London Beer Tastings 2011.
Export Stout was featured in a piece on bottle conditioned beers from London in BEER August 2011. Read more about London bottle conditioned beers.
ABV: 7.8% and 5.6%
Origin: Bermondsey, London SE1, England
Website: www.thekernelbrewery.com
Evin O’Riordan, founder and head brewer at the Kernel brewery in Bermondsey, is not only arguably London’s highest rising new brewing star but is increasingly enjoying international recognition. Early in 2011 Kernel was listed as one of the top five new breweries in the world by users of the leading international beer rating website, ratebeer.com. Its strictly artisanal bottle conditioned beers with their tasteful, minimalist labels are also changing the way we think about selling beer in London, finding their way into top flight restaurants and trendy bars as well as more established beer outlets.
The compact 6.5hl (4 barrel) PBC plant, until recently the smallest freestanding brewery in London, first began producing beer late in 2009 in the railway arch which it shares with an artisanal cheesemaker and a cheese and charcuterie importer. Demand is now outstripping supply, particularly given that all the beer is currently hand bottled, and plans for relocation and expansion are being actively pursued.
From Waterford in Ireland, Evin studied English Literature as a postgraduate, but ended up working with cheese at Neal’s Yard Dairy, a leading distributor and retailer of fine British cheese based in Borough Market. It was on an extended trip to New York City to help set up a Neal’s Yard shop that Evin’s interest in brewing was engaged. He returned to London determined to become a craft brewer, and trained himself through home brewing with London Amateur Brewers and the Durden Park Beer Circle.

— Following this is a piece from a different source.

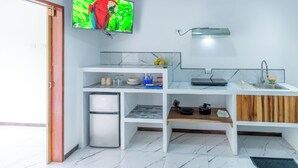 A compact kitchen with a built-in refrigerator, a microwave, a sink, and a wooden countertop. - Studio Apartment #7 w/ Smart TV, A/C + Pool (Playa negra)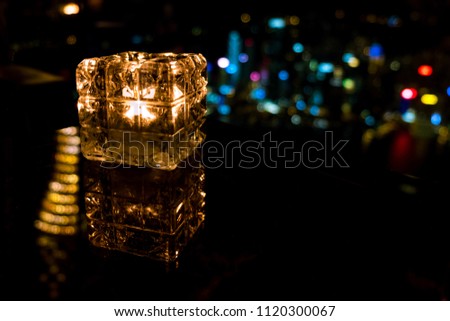Burning candle in glass cup with abstract background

These influences account for the two poles of Kernel’s output. On the one hand there are traditional porters and stouts, often based on historic recipes reaching back to the styles’ London roots (and not forgetting the parallel history these dark beers enjoyed in Evin’s homeland). On the other there are pale ales and IPAs in the contemporary North American hop accented mode. Exact recipes change from batch to batch, particularly in terms of hops, making the Kernel label more like an artist’s signature than a stable and consistent brand.
I visited Kernel early in 2011 as part of the research for my London beer guide, and came away with a handful of tasting samples of what turned out to be outstanding beers. One of the very best was an excellent Export Stout, based on an 1890 Truman recipe, which later won supreme champion at that year’s International Beer Challenge.
The dense mahogany beer had a rich and finely grained deep beige head and a lightly roasted coffee aroma with notes of tar and minerals. A thick and weighty gulp of beer then filled the mouth, with notes of blackcurrants, cindery herbs and liquorice humbug sweets. A milky-textured swallow set up a very long finish with big chocolate and ashy notes emerging with blackcurranty and chaffy retronasals and a definite pursing bitterness. The beer started off stern and challenging but soon became cheerful, warming and full of flavour.
The Porter, also from an historic recipe, is lighter but almost as good. Again this was a very dark mahogany beer with a fine beige head. A very chocolatey, lightly roasty aroma had spicy hops, while there was a touch of burnt rubber along with vanilla, slightly acidic fruit and estery perfume on the smooth chocolate malt palate. A tasty, roasty and slightly astringent finish had a touch of woodsmoke and burnt vine fruits, like the raisins embedded in the crust of a well-baked tea bread, with more coffee, chocolate and rooty hops. An excellent beer.